Cryptocurrency volatility can have a significant impact on your portfolio when market swings occur. A serious drop in crypto value can slash your assets and potentially jeopardize reaching your long-term financial goals.
Robert Kiyosaki, author of “Rich Dad Poor Dad,” recently shared his insights on how to stay up when Bitcoin prices are down. Here are nine things you should do, according to Kiyosaki.
1. Stay Up to Date on Crypto Trends and News
Staying informed on the latest cryptocurrency trends and news can certainly help you get ahead when it comes to crypto investments. Not all cryptocurrencies are worth investing in, and many coins can be a riskier investment than others. Be sure to do your research and use discretion before investing, especially when crypto prices are down.
2. Stay Focused on Long-Term Financial Goals
Hitting your long-term financial goals should be a priority. Cryptocurrency volatility can have a significant impact on your portfolio when market swings occur. A serious drop in crypto value can slash your assets and potentially jeopardize reaching your long-term financial goals. Carefully review your long-term financial goals before buying more Bitcoin when prices are low.
3. Set Clearly Defined Milestones
Be sure to set clearly defined financial milestones before sinking your money into cryptocurrency. For example, maybe you’re saving for a down payment on your first home or you need to buy a new car. While crypto prices can soar, they can also come crashing down. Saving for these goals might warrant other forms of saving and investing that are less volatile, like parking your money in a high-yield savings account or investing in low-risk mutual funds.
4. Diversify Your Investments
Diversification is key to shielding your money from volatile market swings, often associated with cryptocurrency. It’s advisable to have a healthy mix of cash emergency savings, stocks, bonds, ETFs, and mutual funds to mitigate your risk and ensure long-term financial growth. Once you’ve achieved a healthy mix, then you might consider buying some Bitcoin.
5. Practice Discipline and Patience
While crypto market swings can be frustrating, it’s crucial to exercise discipline and patience when investing in any type of cryptocurrency. If the price of a coin drops significantly, it can be tempting to sell it to cut your losses. However, being patient and holding for the long term can result in improved returns over time. Be careful not to be too emotional or impulsive when investing.
6. Practice Dollar-Cost-Averaging
It might seem smart to buy stocks only when prices drop, instead of buying them when prices are up. However, this strategy typically doesn’t yield the best results. Consider dollar-cost averaging instead: consistently investing in stocks at regular intervals, regardless of the price. This practice usually yields better returns over time.

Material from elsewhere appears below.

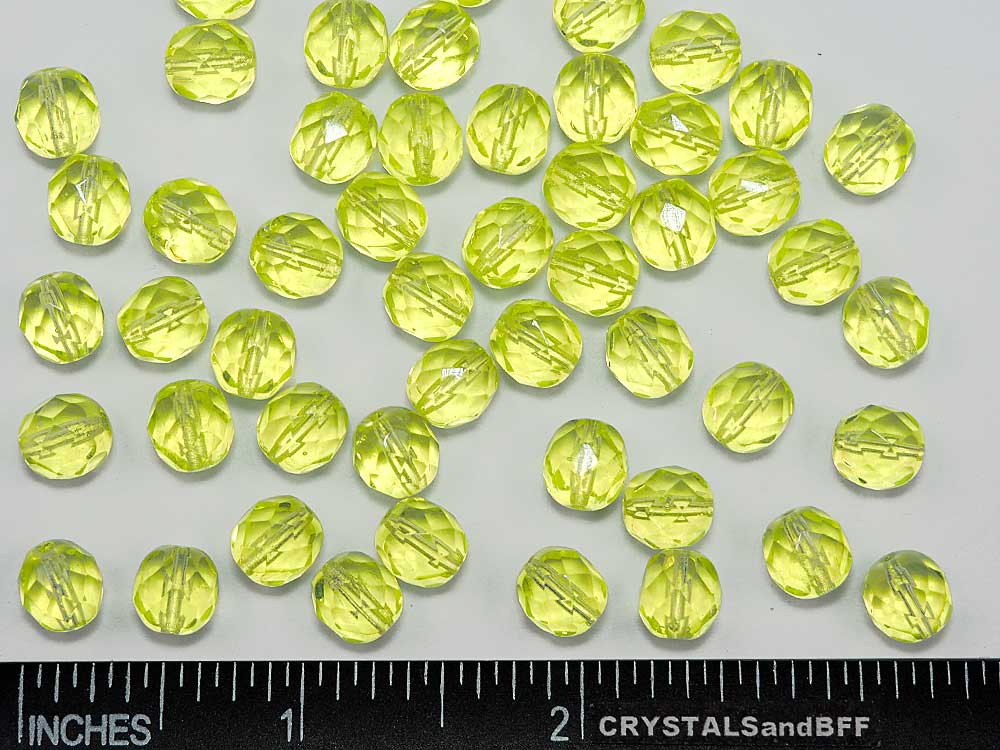 Yellow Neon, Czech Fire Polished Round Faceted Glass Beads, 8mm 12pcs -  Crystals and Beads for Friends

7. Improve Your Mental Well-Being
Investing is very important to improve your financial standing. However, your mental well-being is arguably more important. When Bitcoin prices are down, take time to center yourself and focus on relaxation. This can mean taking a hike, enjoying the great outdoors, engaging in meditation, or watching a funny movie — whatever activity brings you comfort.
8. Build a Financial Safety Net
Before investing in Bitcoin, be sure to build a financial safety net first. As a general rule of thumb, you’ll want to save 6-9 months’ worth of living expenses in a high-yield savings account (more if you can). Ensuring you have cash reserves can protect you from life’s surprises, like a huge medical bill or a necessary car repair. It’s safer to buy crypto once you already have a sufficient financial safety net.
9. Create a Mindset of Resiliency
Partake in activities that promote resilience. These can range from journaling, self-reflection, therapy, or exercising. Your mindset guides your investment decisions which can determine whether you reach your long-term financial goals and dictate how you react to market swings. So, building a more resilient self is key to making more sound investment decisions, which is especially important when investing in Bitcoin and other crypto.